Open Problems in Quantum Computing—What’s Still Unsolved?

For all the progresses in quantum computing, some of the field’s most fundamental questions remain wide open. These aren’t just technical hurdles—they’re deep, conceptual challenges that could redefine what quantum computers can actually achieve. Here’s a look at the unsolved problems keeping researchers up at night.

One of the biggest is the quantum memory problem: How do we efficiently store quantum states for long periods? Classical computers rely on robust, persistent memory, but qubits decohere rapidly. Even with error correction, we lack a practical, scalable solution for quantum RAM that doesn’t introduce overwhelming overhead.

Then there’s the compilation gap. Translating high-level quantum algorithms into hardware-native gates is still more art than science. Optimal circuit decomposition for arbitrary algorithms—especially on architectures with limited connectivity—is NP-hard in many cases. We need better tools (or breakthroughs) to make this process efficient.

The noise-resilience question looms large: Can we design algorithms that inherently tolerate noise, or are we stuck waiting for full fault tolerance? Variational methods and error mitigation help, but they’re stopgaps. A deeper theoretical understanding of noise’s impact on computational power is missing.

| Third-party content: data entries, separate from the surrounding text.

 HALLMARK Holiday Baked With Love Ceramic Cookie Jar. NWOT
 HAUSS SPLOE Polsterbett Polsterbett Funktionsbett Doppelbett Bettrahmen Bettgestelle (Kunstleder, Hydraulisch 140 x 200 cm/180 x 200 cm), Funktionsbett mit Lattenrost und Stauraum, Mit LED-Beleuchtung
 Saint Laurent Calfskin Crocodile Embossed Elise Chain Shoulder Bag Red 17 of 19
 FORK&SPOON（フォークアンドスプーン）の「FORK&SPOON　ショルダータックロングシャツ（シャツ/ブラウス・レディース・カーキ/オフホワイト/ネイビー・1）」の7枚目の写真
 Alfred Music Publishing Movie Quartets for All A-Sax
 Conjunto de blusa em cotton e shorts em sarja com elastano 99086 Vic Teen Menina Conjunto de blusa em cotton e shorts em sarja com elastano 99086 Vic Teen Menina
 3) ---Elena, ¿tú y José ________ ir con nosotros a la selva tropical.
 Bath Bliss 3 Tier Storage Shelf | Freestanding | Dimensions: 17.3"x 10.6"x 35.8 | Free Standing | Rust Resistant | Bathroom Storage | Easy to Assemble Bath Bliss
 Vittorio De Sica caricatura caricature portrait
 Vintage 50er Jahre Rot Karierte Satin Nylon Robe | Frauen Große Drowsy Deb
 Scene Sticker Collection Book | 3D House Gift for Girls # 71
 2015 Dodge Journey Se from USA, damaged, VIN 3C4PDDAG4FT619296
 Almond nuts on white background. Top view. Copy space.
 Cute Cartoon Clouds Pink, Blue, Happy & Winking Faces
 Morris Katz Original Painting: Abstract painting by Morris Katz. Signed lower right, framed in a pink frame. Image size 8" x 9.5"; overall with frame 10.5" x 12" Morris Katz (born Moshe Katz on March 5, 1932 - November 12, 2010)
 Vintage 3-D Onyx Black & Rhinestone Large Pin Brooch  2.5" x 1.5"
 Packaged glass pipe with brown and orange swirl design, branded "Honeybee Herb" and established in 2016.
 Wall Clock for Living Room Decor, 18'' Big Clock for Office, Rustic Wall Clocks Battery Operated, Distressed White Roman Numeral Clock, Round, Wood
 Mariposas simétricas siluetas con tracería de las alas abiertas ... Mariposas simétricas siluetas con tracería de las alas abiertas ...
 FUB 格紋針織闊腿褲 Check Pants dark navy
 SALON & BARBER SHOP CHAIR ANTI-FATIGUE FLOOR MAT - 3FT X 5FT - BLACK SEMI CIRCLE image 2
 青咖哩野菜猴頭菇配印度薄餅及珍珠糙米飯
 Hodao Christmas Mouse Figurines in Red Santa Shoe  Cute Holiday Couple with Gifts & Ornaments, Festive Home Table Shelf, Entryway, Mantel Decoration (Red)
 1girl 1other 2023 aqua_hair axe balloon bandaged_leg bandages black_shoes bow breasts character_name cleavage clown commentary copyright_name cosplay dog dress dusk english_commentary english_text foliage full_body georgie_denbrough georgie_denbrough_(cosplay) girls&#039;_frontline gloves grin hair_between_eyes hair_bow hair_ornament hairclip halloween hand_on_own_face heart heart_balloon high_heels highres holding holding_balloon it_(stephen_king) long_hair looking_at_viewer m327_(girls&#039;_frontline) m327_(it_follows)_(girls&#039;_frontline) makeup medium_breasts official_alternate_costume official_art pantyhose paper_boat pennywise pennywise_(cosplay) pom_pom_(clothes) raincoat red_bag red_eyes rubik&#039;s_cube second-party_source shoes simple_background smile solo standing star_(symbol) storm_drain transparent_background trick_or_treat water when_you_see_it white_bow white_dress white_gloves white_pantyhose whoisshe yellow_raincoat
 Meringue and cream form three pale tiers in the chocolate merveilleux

On the hardware side, material science bottlenecks persist. Whether it’s improving superconducting qubit coherence times, finding better photonic detectors, or stabilizing topological qubits, the underlying physics challenges are far from solved.

Perhaps the most profound open question is how broadly applicable quantum advantage will be. We know quantum computers excel at specific tasks (factoring, simulation), but the boundaries of BQP—the class of problems efficiently solvable by quantum machines—are still fuzzy. Are there practical, commercially relevant problems beyond cryptography and chemistry where quantum will dominate?

Even foundational theory isn’t settled. The quantum PCP conjecture (a quantum analogue of classical computational complexity) remains unresolved, with major implications for quantum optimization. And the relationship between quantum and classical machine learning is still being mapped out.

What’s striking is how many of these open problems span theory, engineering, and physics. Solving them will require more than incremental improvements—it’ll demand entirely new ways of thinking.


Posted by Qubit: May 16, 2025 00:32(Edited: 06/08/2025 17:26:21)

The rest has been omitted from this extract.